### What to work on
From the line that contains "Non-Smoking Standard 2" through the last line of the data, copy everything exactly and nothing else, omitting the pictures.

Segment Start: Recorded data

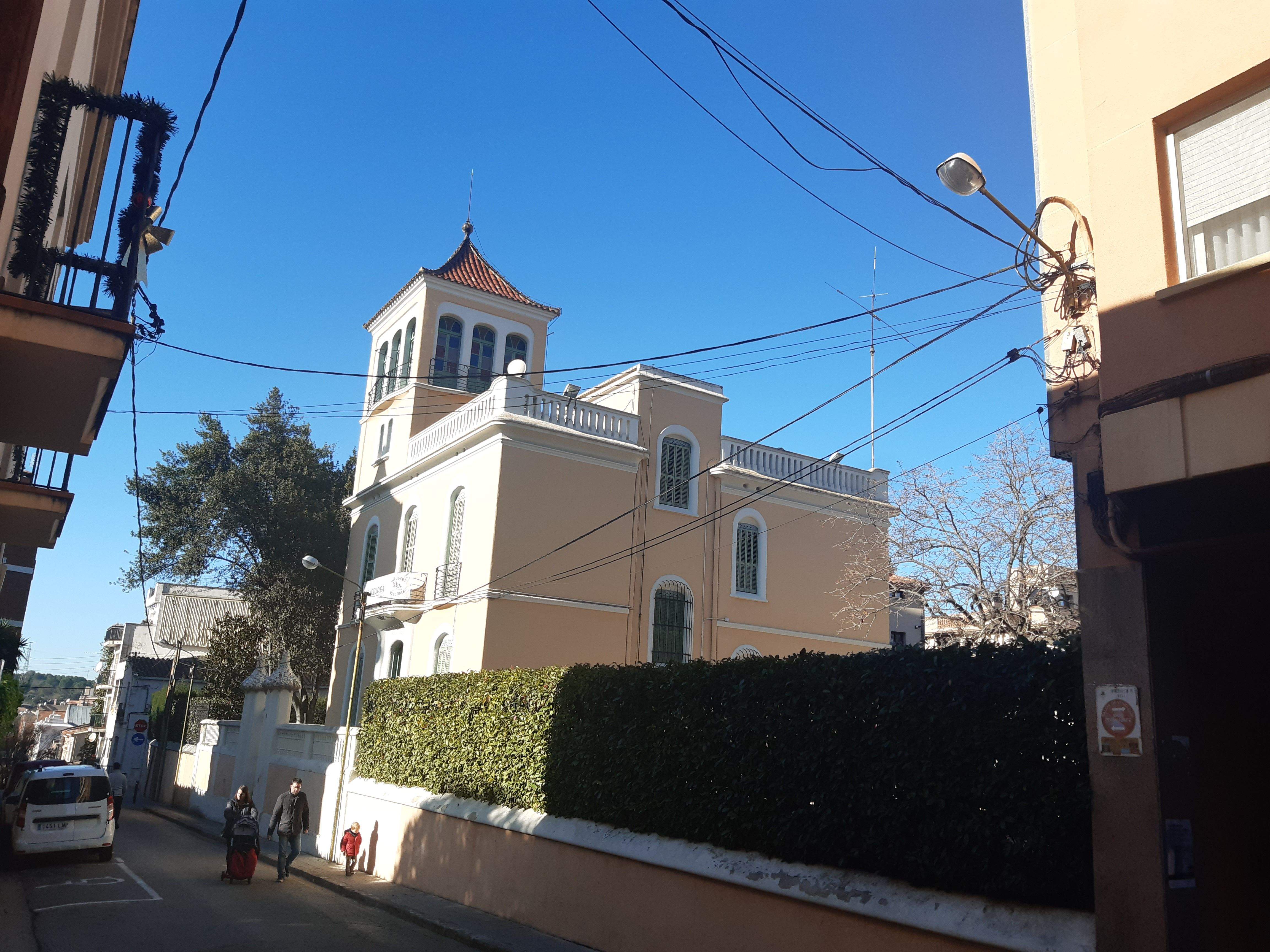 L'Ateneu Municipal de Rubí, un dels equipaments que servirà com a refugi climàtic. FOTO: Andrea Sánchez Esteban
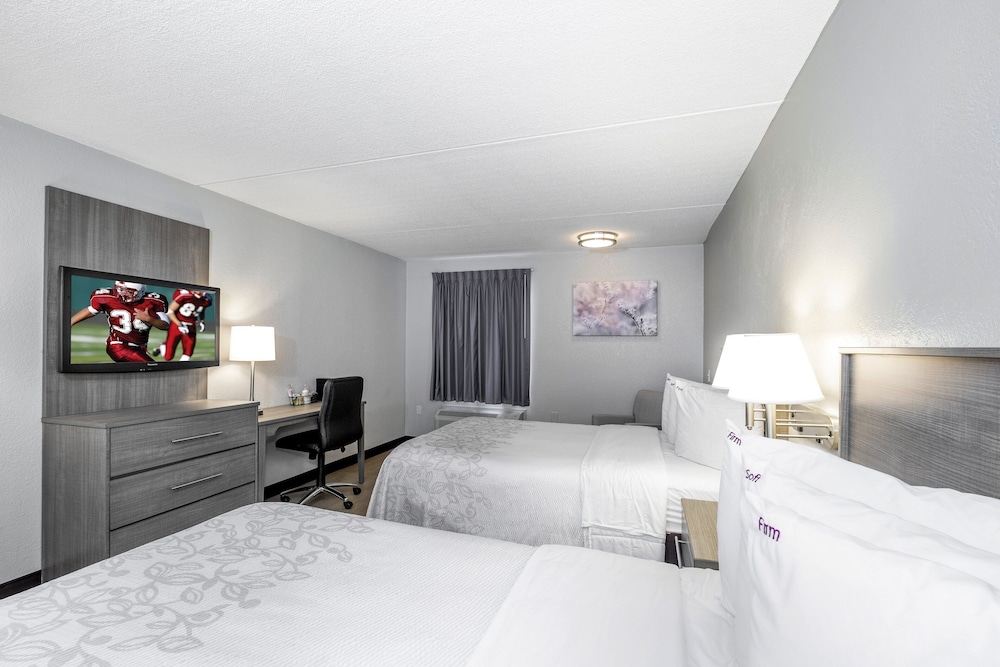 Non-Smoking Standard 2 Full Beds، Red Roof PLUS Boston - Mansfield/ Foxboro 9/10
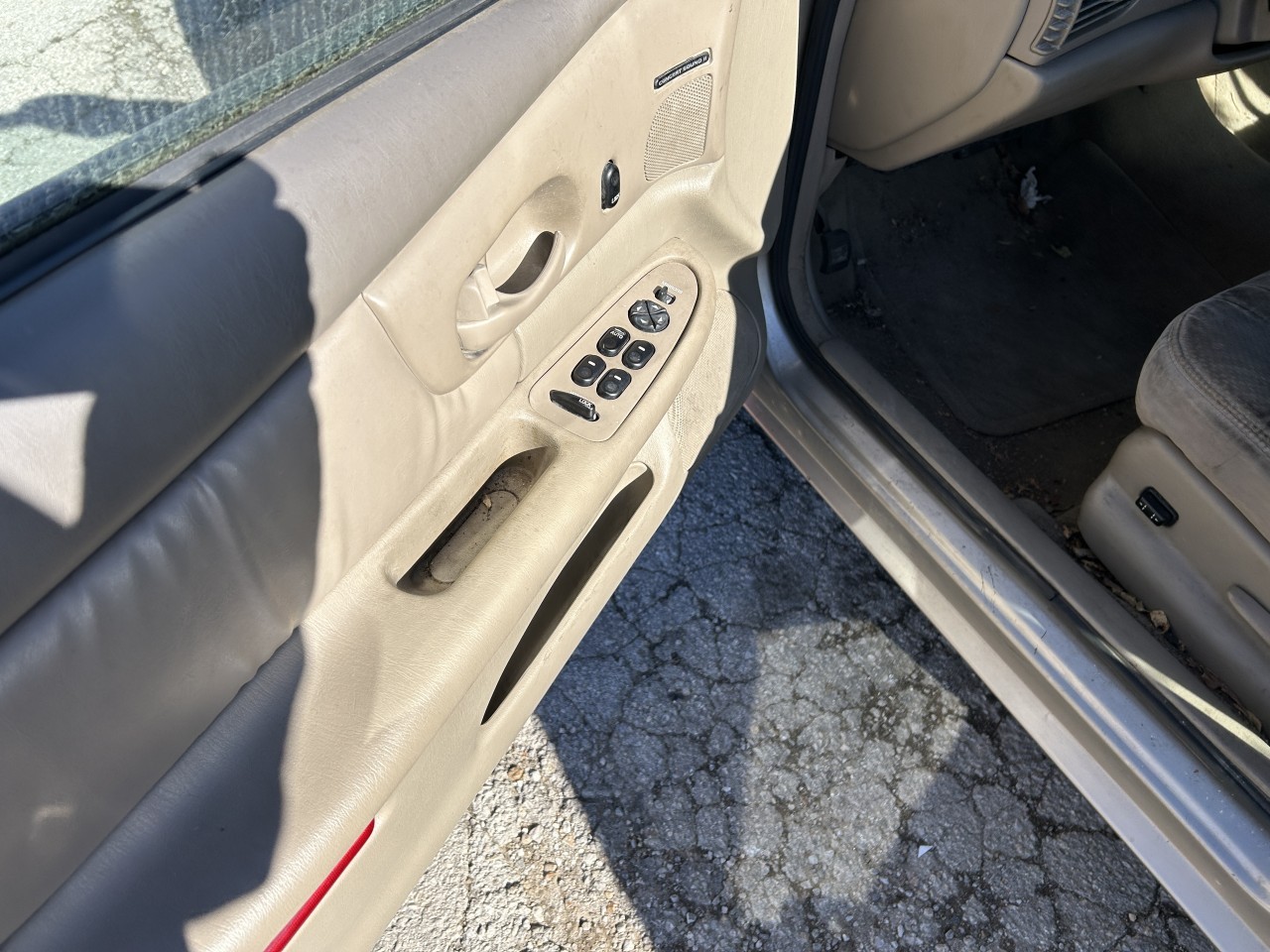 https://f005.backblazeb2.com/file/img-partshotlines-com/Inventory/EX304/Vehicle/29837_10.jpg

Segment End: Recorded data

### Expected output
 Non-Smoking Standard 2 Full Beds، Red Roof PLUS Boston - Mansfield/ Foxboro 9/10
 https://f005.backblazeb2.com/file/img-partshotlines-com/Inventory/EX304/Vehicle/29837_10.jpg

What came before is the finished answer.